Decomposing a monorepo

Git, tfs edit

So we've got a big ol' monorepo that's stored in TFS. Most of it is getting converted to Git as we trasition away from Team Foundation Version Control (TFVC). The monorepo is about 3GB and has about a decade of history. Some of the projects that were bolted onto the sides of the repo are good candidates to break out into their own small repositories in Git. But how exactly can I do that and keep all the history?

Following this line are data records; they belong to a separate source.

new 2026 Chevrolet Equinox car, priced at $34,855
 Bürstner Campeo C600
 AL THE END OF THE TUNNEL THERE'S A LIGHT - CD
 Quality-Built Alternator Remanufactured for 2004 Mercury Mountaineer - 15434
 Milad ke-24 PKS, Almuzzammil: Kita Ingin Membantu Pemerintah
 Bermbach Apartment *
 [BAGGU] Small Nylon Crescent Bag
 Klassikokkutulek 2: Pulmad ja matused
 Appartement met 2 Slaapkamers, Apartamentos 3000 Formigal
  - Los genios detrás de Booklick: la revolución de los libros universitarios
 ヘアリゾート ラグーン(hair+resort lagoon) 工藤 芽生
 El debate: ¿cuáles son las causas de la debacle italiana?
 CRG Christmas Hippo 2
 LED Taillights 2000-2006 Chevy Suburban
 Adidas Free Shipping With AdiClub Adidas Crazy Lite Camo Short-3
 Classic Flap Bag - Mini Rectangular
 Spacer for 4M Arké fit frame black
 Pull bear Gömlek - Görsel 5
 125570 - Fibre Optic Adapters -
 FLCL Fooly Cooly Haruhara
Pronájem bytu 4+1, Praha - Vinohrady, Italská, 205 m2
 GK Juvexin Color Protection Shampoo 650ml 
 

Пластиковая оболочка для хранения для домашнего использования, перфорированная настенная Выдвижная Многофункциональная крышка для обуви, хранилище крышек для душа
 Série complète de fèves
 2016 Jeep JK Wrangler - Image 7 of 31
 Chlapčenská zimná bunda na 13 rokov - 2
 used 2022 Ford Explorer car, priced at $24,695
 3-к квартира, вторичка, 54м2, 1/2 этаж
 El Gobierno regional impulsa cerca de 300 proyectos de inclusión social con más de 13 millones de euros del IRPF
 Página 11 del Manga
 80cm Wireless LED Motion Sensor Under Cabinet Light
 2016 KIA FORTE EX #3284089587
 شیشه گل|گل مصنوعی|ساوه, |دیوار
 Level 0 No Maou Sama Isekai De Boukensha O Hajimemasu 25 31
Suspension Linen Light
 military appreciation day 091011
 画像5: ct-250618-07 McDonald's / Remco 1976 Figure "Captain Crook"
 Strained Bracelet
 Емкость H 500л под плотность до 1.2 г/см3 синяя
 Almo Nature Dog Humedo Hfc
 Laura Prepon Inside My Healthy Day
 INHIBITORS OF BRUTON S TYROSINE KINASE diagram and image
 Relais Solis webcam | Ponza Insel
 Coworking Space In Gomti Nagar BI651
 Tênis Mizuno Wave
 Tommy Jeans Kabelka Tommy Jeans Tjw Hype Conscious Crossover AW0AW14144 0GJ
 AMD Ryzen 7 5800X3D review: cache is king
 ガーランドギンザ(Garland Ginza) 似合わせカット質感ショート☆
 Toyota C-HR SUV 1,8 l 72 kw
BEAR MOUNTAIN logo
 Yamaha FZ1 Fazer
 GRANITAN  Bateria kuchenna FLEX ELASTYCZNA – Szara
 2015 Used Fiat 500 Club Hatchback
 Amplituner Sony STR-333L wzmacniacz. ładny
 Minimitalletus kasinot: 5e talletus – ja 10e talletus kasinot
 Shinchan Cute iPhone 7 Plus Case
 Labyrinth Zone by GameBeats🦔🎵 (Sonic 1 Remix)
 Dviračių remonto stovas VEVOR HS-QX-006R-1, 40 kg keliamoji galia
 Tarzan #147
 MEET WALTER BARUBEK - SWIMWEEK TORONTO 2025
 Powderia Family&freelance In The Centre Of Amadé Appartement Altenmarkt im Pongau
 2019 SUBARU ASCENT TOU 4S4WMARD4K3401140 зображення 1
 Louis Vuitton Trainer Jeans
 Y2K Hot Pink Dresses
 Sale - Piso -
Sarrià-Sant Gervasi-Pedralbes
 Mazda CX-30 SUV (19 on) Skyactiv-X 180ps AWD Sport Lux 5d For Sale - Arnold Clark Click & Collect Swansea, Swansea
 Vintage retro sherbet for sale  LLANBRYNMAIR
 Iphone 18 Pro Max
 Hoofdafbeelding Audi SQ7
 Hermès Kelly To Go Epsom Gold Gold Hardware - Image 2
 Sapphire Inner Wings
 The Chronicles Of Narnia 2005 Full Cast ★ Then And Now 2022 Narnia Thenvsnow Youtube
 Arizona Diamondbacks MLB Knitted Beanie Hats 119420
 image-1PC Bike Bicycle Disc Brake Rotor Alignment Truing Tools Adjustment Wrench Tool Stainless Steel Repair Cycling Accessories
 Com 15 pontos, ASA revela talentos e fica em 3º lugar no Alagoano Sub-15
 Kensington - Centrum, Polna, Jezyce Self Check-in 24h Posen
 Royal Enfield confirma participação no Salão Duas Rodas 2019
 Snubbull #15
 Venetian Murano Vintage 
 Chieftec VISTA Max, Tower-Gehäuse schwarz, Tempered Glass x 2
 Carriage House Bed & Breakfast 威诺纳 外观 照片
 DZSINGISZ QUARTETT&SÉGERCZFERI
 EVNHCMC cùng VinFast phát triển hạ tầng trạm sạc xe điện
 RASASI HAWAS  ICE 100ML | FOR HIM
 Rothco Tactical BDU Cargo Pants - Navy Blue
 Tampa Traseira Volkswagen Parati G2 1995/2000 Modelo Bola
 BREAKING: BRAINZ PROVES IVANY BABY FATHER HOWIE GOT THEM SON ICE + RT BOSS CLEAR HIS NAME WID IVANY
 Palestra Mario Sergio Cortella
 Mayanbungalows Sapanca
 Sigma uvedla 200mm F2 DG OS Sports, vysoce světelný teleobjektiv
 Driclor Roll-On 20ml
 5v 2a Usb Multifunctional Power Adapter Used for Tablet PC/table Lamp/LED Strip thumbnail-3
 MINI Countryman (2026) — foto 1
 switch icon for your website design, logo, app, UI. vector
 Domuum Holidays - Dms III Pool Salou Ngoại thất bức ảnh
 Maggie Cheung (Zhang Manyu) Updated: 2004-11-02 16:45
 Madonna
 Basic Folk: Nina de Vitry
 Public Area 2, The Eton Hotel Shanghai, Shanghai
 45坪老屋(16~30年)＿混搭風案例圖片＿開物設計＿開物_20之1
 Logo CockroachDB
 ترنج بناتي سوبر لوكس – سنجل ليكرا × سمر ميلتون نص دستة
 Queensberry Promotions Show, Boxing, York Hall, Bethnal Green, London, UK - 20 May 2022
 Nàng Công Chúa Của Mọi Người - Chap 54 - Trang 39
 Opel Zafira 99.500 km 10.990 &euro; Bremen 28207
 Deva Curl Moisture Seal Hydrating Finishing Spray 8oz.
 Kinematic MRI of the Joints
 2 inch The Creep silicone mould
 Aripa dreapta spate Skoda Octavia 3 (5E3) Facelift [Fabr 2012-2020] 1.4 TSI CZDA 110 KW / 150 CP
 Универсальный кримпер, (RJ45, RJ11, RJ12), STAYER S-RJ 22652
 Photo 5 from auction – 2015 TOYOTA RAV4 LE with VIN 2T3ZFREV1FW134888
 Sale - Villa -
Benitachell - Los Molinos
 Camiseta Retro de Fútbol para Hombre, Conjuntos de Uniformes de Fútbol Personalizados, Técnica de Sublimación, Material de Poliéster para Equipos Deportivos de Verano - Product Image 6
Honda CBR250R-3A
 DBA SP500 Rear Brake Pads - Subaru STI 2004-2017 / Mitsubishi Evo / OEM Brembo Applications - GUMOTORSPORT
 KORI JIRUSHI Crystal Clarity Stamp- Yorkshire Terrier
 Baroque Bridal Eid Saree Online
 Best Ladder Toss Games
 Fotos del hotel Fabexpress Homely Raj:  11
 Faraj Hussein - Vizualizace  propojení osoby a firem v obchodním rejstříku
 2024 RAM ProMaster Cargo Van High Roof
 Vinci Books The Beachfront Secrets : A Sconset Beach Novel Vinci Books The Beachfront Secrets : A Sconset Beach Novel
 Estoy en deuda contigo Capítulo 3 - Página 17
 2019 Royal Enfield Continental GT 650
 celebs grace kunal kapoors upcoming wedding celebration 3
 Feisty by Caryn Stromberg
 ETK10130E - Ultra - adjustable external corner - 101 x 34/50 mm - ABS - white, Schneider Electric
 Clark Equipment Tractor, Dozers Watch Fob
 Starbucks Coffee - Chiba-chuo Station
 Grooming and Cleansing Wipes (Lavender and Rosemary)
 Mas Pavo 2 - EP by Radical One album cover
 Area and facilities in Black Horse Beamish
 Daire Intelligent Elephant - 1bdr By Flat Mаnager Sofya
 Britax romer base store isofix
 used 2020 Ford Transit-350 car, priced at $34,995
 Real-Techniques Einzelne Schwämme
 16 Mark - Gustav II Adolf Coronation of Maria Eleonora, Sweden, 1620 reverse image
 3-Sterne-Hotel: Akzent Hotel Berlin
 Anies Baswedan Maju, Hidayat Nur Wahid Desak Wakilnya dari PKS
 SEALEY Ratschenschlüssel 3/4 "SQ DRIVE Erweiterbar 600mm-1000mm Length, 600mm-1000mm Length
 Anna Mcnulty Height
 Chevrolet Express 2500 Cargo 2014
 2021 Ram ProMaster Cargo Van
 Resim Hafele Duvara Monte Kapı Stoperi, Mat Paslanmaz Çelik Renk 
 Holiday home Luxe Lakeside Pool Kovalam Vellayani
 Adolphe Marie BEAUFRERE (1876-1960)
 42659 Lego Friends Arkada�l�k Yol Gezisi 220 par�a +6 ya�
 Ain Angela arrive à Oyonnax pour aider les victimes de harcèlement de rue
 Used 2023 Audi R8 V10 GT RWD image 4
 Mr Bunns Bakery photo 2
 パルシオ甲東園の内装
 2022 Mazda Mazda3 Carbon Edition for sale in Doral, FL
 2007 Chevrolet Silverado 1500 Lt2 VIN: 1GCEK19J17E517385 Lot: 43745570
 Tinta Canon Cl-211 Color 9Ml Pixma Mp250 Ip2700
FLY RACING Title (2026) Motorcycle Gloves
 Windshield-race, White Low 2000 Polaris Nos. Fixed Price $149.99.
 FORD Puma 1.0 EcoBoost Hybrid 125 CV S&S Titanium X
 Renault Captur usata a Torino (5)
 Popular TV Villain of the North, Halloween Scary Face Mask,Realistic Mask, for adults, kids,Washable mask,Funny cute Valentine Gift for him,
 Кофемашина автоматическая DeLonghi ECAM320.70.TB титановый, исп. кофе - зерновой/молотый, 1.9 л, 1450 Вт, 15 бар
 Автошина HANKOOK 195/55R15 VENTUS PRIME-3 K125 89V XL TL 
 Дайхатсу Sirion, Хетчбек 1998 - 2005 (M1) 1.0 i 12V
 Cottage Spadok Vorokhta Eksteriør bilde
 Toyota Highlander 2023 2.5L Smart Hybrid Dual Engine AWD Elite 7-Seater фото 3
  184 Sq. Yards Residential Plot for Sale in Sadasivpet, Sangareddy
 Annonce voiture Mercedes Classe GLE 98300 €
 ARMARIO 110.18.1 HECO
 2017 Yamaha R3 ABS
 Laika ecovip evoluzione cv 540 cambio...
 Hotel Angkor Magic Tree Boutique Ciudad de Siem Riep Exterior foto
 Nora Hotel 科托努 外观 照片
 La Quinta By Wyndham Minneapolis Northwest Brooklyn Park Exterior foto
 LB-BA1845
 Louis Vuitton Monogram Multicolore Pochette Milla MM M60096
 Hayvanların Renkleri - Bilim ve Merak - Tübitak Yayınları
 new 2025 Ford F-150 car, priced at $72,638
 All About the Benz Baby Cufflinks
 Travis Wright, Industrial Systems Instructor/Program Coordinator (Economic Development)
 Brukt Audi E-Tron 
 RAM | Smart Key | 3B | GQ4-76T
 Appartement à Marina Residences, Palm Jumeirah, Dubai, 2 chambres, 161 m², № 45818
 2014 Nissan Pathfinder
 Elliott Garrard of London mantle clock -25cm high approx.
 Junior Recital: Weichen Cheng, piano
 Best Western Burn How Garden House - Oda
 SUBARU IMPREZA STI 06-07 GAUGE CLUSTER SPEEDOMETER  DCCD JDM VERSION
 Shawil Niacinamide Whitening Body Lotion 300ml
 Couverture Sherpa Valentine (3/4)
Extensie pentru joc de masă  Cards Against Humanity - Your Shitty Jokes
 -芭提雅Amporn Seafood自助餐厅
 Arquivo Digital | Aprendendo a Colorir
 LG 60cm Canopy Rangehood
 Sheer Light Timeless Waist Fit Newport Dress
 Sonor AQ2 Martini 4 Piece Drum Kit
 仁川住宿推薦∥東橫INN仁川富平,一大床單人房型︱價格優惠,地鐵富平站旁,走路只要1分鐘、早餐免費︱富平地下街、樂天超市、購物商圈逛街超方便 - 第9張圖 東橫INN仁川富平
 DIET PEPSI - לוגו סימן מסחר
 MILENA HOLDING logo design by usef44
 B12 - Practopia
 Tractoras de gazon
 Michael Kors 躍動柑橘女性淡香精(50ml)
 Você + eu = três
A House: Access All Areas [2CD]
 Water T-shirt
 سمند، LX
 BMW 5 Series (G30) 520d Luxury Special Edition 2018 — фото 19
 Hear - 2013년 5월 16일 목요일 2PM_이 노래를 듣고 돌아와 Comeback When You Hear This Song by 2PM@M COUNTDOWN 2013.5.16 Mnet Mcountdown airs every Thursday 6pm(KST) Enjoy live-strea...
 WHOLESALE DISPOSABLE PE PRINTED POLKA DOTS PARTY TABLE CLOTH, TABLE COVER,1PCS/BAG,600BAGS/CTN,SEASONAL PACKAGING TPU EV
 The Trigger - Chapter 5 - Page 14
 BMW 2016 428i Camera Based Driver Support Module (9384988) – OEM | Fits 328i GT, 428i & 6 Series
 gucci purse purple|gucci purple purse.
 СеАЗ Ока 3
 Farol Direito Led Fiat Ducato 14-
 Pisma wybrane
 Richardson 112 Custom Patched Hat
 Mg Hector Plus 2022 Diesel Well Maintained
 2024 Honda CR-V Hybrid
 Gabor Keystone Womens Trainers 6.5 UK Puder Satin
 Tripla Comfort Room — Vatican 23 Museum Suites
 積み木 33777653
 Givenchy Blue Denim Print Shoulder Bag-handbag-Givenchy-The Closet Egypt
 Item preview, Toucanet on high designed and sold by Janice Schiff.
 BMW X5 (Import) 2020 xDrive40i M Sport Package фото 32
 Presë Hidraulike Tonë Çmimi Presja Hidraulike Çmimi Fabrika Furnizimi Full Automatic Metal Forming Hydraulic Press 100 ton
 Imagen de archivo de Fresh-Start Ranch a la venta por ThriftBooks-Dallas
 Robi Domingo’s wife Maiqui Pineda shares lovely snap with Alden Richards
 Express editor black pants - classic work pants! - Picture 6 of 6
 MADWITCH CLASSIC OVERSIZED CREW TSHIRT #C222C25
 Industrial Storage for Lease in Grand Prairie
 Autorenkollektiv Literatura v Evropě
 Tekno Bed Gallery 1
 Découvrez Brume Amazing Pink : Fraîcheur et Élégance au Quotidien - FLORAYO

I've got 3 solutions so far:

  • Use Git-TFS to transform a TFS sub-folder into a Git repository
  • Use the BFG tool to remove folders/files that you don't like from a Git repo
  • Use built-in Git tools to filter-branch

Using Git-TFS to transform a TFS sub-folder into a Git repository

Since I've got the option of doing a custom migration from TFS to Git I can add a complicated regex with negative lookaheads to pick out all the subfolders I want to keep. Then Git-TFS has to walk through all the commits since the dawn of time and only keep the files that get through the ignore filter. That might take a day but I think I'll get exactly what I want.

#choco install git -y
#choco install gittfs -y
Start-Transcript git.txt -Force
$destination = "pad"
Remove-Item -Recurse -Force $destination -Verbose
$ignoreRegex = @(
    "[Pp]ackages/", # nuget package folder
    "[Dd]ebug/", # build output folders
    "bin/[Rr]elease/",
    "\.vssscc", # TFS source control stuff
    "\.vspscc",
    "\.vs/", # Visual Studio folder for IIS settings and stuff
    "\.vscode/",
    "node_modules/", # npm packages folder
    "AppLibs/(?!PAD).*", # only convert the AppLibs/PAD folder and ignore everthing else
    "Database/(?!PAD|Deploy).*",
    "Websites/(?!PAD).*",
    "Common/",
    "PoC/",
    "Reports/",
    "Tools/"
) -join '|'
git tfs clone http://tfs.myorg.net/tfs/myorg $/Path/To/Main/mymonorepo $destination --debug --branches=none --from=348573 --ignore-regex=$ignoreRegex
Set-Location $destination
git lfs migrate import --above=50MB
git tfs cleanup --debug
git gc --aggressive
git branch -m master main
Set-Location ..
Stop-Transcript

Use the BFG tool to remove folders/files that you don't like from a Git repo

You can use the BFG tool to purge unwanted folders and files from history. Not my favorite approach because you have to list all the folders you don't want and sometimes the code you do want has a folder of the same name. It doesn't allow you to specify paths and will grump at you if you try.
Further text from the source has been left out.